Bald hatten sie alle den steilen gewundenen Pfad zurückgelegt und aufathmend traten sie aus dem engen Gewölbe hervor in das neuentdeckte Land. Still lag es vor ihnen, und eingeschlossen von hohen senkrechten Wänden, einen Grund von mehreren Ackern bildend, der, wie eine jener lieblichen Oasen mitten in verbrannter Wüste, paradiesisch herrlich erschien. Eine dämmernde Ahnung, daß ein Tag der tiefen Nacht folgen werde, hing an den höchsten Gipfeln und warf ein Leuchten nieder, das von dem matten Schimmer der Mondessichel vermehrt wurde, welche an dem äußersten Rande des sichtbaren Horizontes schwebte.
Der dämmernde Schein fiel auf ein kleines Gebüsch von Pflaumen und Kohlpalmen, auf eine Hecke von Ananas, auf Fruchtbäume, die ein bebautes Feld und ein Gärtchen einschlossen, in welchem Blumen und schwere Maiskolben sich schlaftrunken zunickten. An dem Gehege hin sprudelte ein lebendiger Quell, der leise plätschernd aus dem Felsen sprang, rund umher grünte der Boden dicht und voll und die langen Schlingen des Grases wanden sich um die schleichenden Tritte dieser mordlustigen Männer, als wollten sie sie aufhalten.
Die beiden Gebirgsschützen blieben auf Williamsons Befehl an dem Eingangsthore dieser Veste, er selbst, Craskell und der Spanier näherten sich dem Lichtstrahl, welcher aus einer niedrigen Hütte kam, die unter dem Schirme des Felsens an der Westseite stand. Der spanische Jäger zog die Hunde zurück und blieb wenige Schritte vor dem Gehege stehen; Williamson zitterte und hielt sich an Craskell. Eine Stimme traf sein Ohr, die das Herz ihm beben machte, und diese Stimme klang hell und freudig.
»Keine Übereilung,«, flüsterte der Capitain; »wir müssen ihn lebendig fangen. Besonnen und kühn handeln, ist hier nothwendig.«
Er wollte vor ihm hin, aber der Kreole hielt ihn krampfhaft fest und trat an eine der Spalten, welche die Rohrjalousieen eines Fensters dicht an der Thüre freigelassen. Leise hob er die großen Blätter und Blüthen der schönen Limabohne fort, welche dicht das ganze Haus vom Gipfel bis zur Sohle umrankte, und mit einem Blick konnte er nun den ganzen Raum überschauen.
Kegelförmig hob sich dieser nach allen Seiten, wie die Hütten der Maroons es gewöhnlich thun, aber rein und zierlich sah es innen aus. Da stand ein Tisch und weiße Binsenstühle, aus Aloebast geflochten, da brannten Lichter und der festgestampfte Boden war mit Gras und Blättern bestreut. Den Hintergrund füllte ein Bett mit rother Muskitogaze bedeckt. Schimmerndes Linnen lag über die Matratzen und selbst auf der Tafel, wo Teller und Tischgeräth prangte. Silberne Becher standen bei den Schüsseln, welche zwei schwarze Mädchen geschäftig auftrugen, gefüllt mit Wildprett, Krabben und einer Auswahl schöner Früchte.

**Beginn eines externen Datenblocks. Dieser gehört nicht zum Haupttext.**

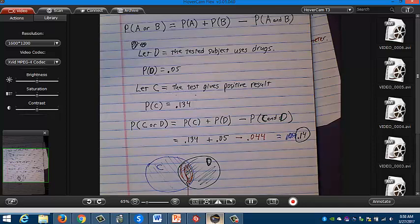Why do we subtract? Think of a Venn diagram — like the MasterCard logo. The blue circle is event C, the green circle is event D. When you add P(C) and P(D), you count the overlapping region — C and D — twice. So you must subtract it once. In the chart: 134 tested positive, 50 actually use drugs. If you just add those, you get 184, but you've double-counted the 44 who are in both groups. Subtract to get the right answer of 140 out of 1,000.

Williamson aber blickte unverwandt nach der Stelle hin, wo er Die entdeckt, nach deren Anblick er lange geschmachtet, und dort sah er sie sitzen, das Gesicht ihm zugewendet, vom Lichte hell beleuchtet, das ihm nichts verbarg, auch den verhaßten Neger nicht, der seine schwarzen Hände um diesen edlen Leib legte. Ihr langes Haar, so seidenweich und glänzend, fiel über Hals und Nacken nieder. Goldene Kämme hielten es an beiden Seiten und eine goldene Spange befestigte das weite Kleid, aus dem die Arme frei und voll sich um die Brust des Mannes schlangen, dem sie ihr Leben geopfert hatte.

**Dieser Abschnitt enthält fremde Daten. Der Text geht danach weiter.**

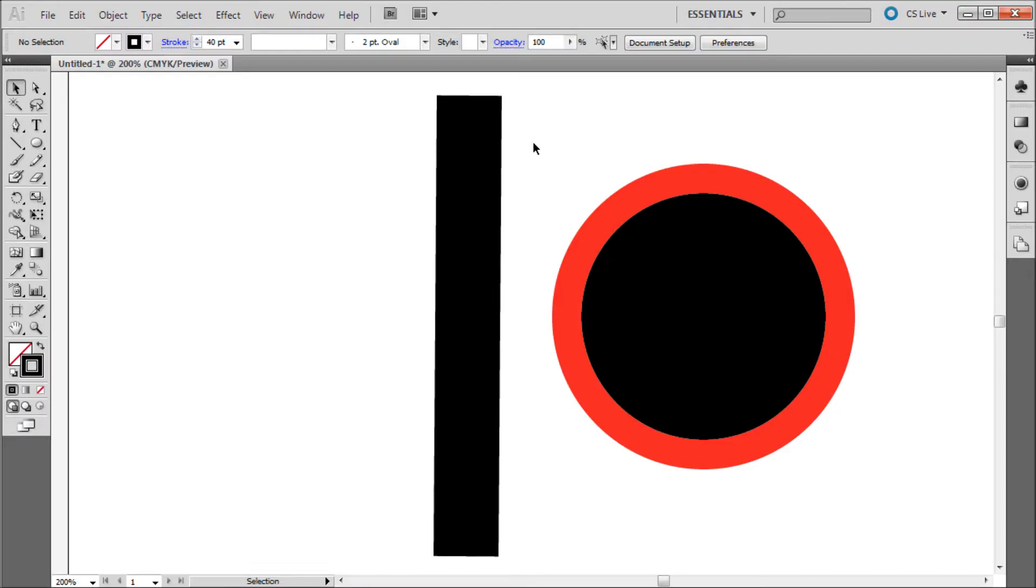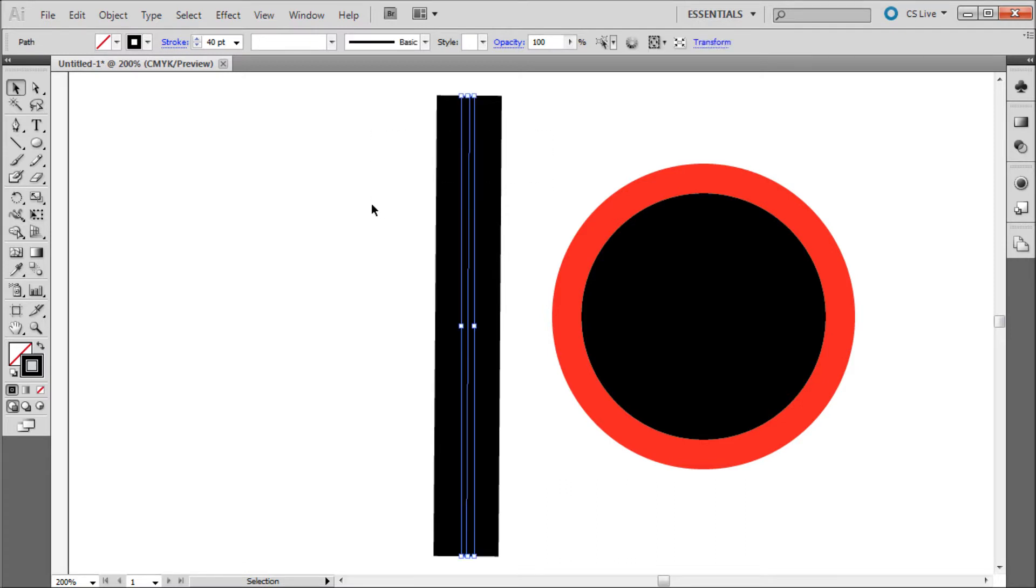When working in Illustrator, you will run into times when you want to have fine control over a line or stroke. Unfortunately, by default Illustrator puts only a center line down the middle of these objects. This can make it very hard when you need precise control over the corners, such as you would get with the rectangle tool.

Montague war mit einer Uniform bekleidet, die er trug, seit er an die Stelle seines Vaters getreten. Der blaue Rock mit goldener Stickerei hing lose auf seinen Schultern und so schien es, als hätten Beide die Rollen gewechselt, der Maroon sei zum Europäer, die weiße Dame zur Afrikanerin geworden. Jetzt aber warf er das enge Kleid ab und nun stand er vor ihr in seinem gewürfelten bunten Maroonhemd, das von einem grünen Gürtel um die Hüften geschlossen wurde und seine schöne Gliederung nicht verbarg.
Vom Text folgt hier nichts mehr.